[DATA SHOWN — start]

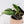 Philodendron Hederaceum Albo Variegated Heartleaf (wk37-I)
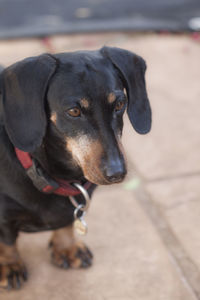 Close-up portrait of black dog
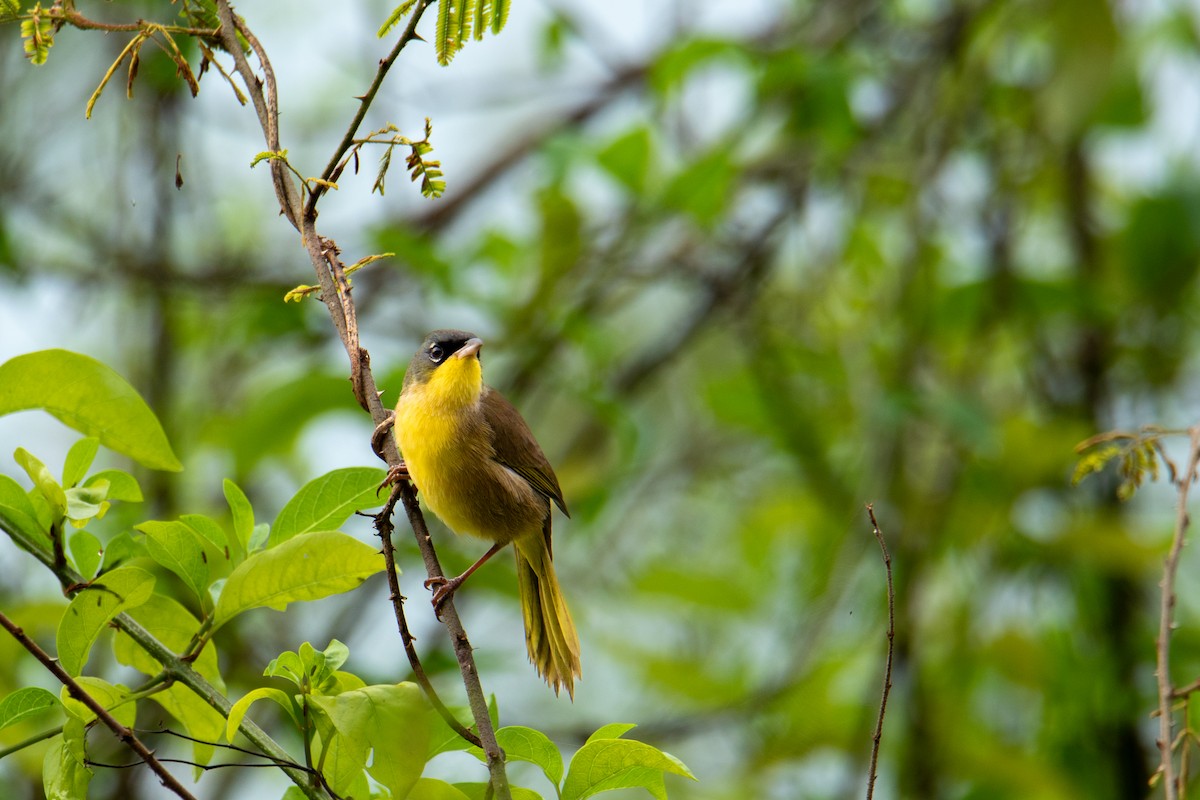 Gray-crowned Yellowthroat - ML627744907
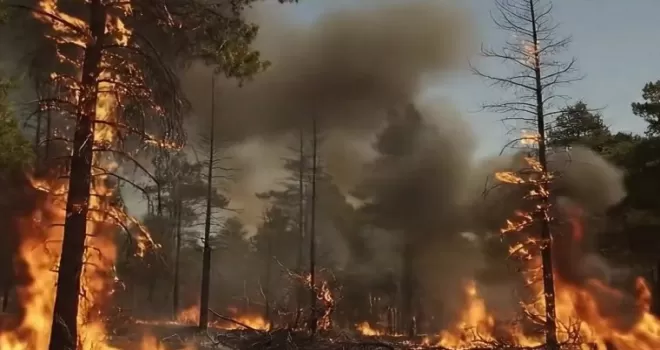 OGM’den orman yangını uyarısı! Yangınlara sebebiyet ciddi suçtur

[DATA SHOWN — finish]

Output verbatim the lines beginning at the line with "Close-up portrait of black dog" and ending at the last line of the material above, inclusive. Do not carry over any pictures.

 Close-up portrait of black dog
 Gray-crowned Yellowthroat - ML627744907
 OGM’den orman yangını uyarısı! Yangınlara sebebiyet ciddi suçtur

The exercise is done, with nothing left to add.